● Data:
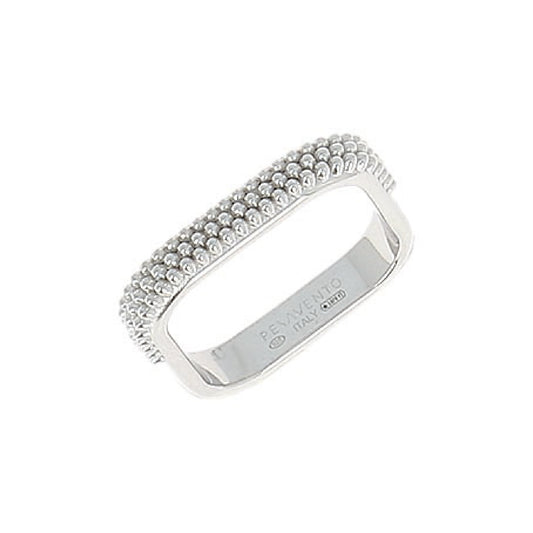 Anello squadrato da donna Pesavento Pixel argento rodio 14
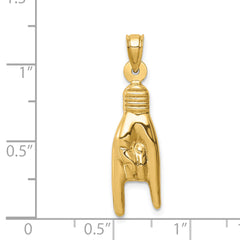 14K 3-D Hollow Rock On Sign Charm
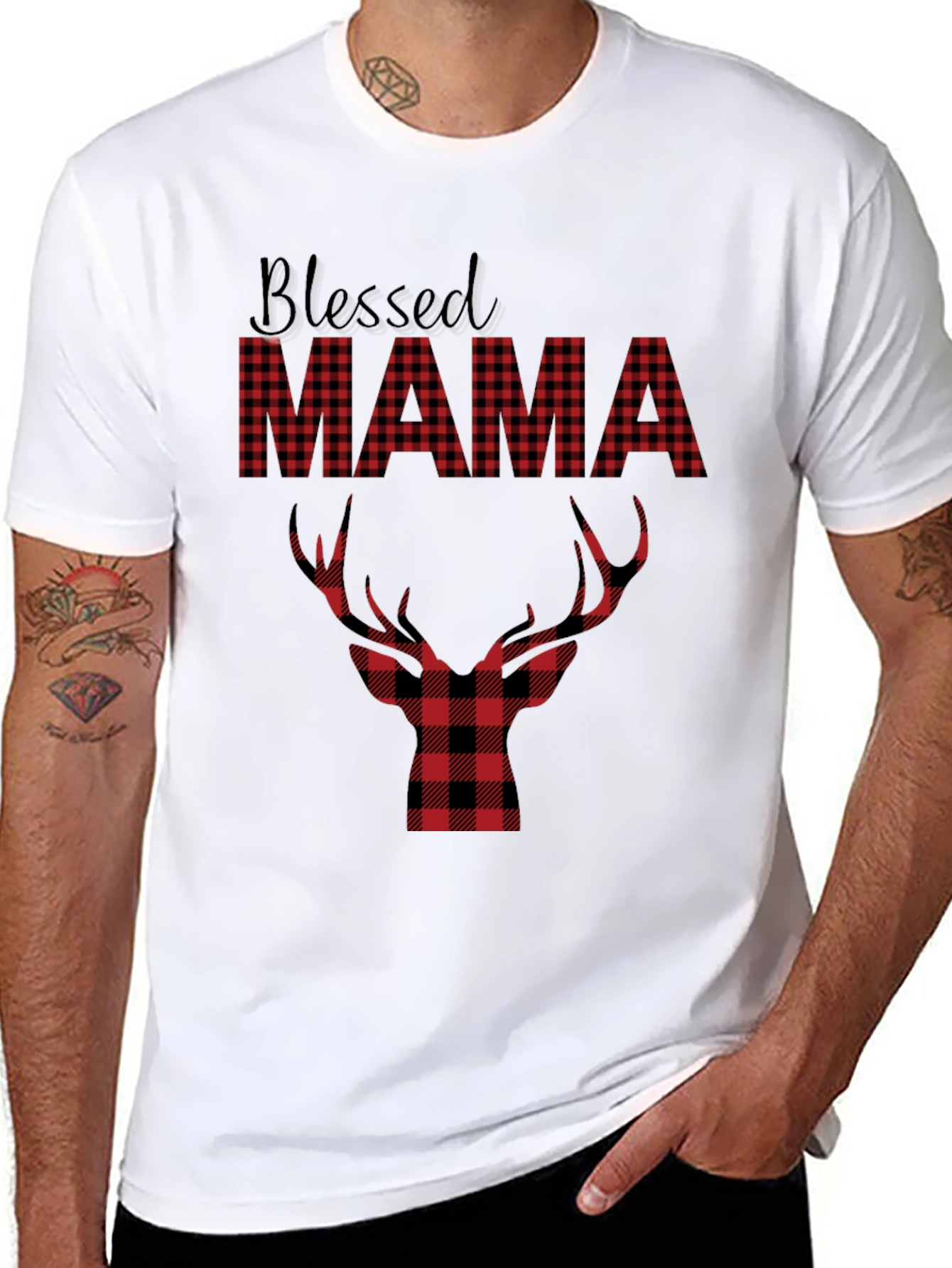 Blessed Mama Plaid Deer Graphic Tee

● What you will do: Copy out every line of the data exactly, leaving the images behind.

● Exercise result:
 Anello squadrato da donna Pesavento Pixel argento rodio 14
 14K 3-D Hollow Rock On Sign Charm
 Blessed Mama Plaid Deer Graphic Tee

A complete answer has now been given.